It’s a question I’m forced to ask myself every day. As I try to put something back together I’ve taken apart, and the wires won’t lay flat enough to allow the cover to close and the tiny nut won’t thread on the recessed post, I ask myself, “Why the fuck why?”

It’s a prayer of the unbeliever who doubts any of this makes sense. It’s the Mad Libs of talking points for the frustrated. You can fill in the blank with anything you’re angry with and expose how the world is built to work against you. Furthermore, it reveals you have bitten off more than you can chew when you decided to enter adulthood and the workforce.
“Why the fuck why can’t I get the Phillips bit out of the screw gun?”

Either I’m too dumb to understand a tool mass produced for the very application of quick changing between jobs, or people are building corporations selling construction tools that don’t work. Either way I lose and I’m forced to ask the question.

It’s not a pretty question. I apologize for that. But a question born out of the fear and confusion of a world freshly revealed to be working against you, a world that thinks you’re dumb, a world that wants to kill you too quickly, this question deserves to have the F word right up front.

By up front I mean to say there are two questions within this one question.

Why the fuck
and
Why.

Why the fuck is the question directed at the whole thing. Why did we stop being cavemen? Why does sugar taste so good but give us diabetes? And same about alcohol, but it makes us drive onto the sidewalk and kill indiscriminately. And why do people like to bite during sex? Why do I hate the ones I love?

That’s the gist of the first question. The second question is reserved for the more local and immediate example.

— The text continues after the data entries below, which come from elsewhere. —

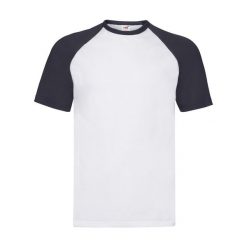 Męska Koszulka Baseballowa Z Krótkim Rękawem. Białe koszulki sportowe męskie Fruit of the Loom, m, bez wzorów, bez kołnierzyka, bez ramiączek, trekkingowe. Za 48.99 zł.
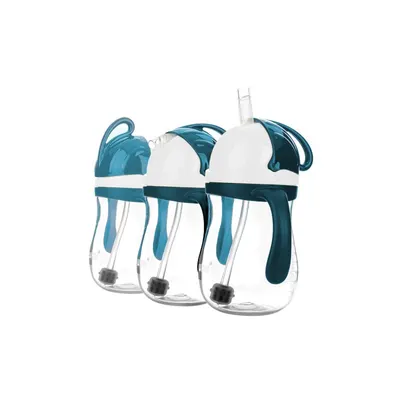 Cana de antrenament Akuku BlueGrey 280ml anti-varsare cu manere si pai cu greutate,capac mobil de protectie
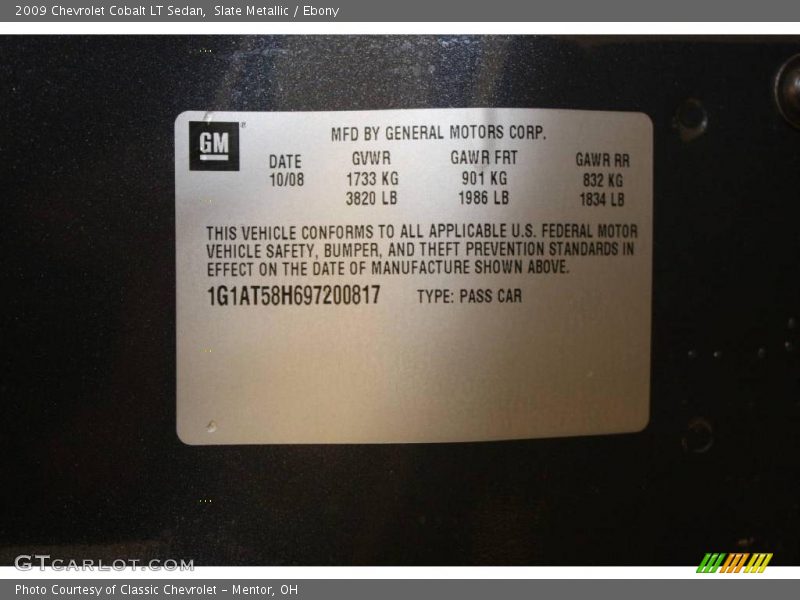 Slate Metallic / Ebony 2009 Chevrolet Cobalt LT Sedan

Why do I keep banging my head on that same low pipe? Why can’t I pay a parking ticket in 20 days? These little why’s make me think I’m still not an adult. That I should go back to school where teachers have answers. That I should be getting a higher level of care from the state because I can’t live up to these expectations of buckling up every time and coming to a stop at every red light.

When things get really bad, well, that’s what hammers are for.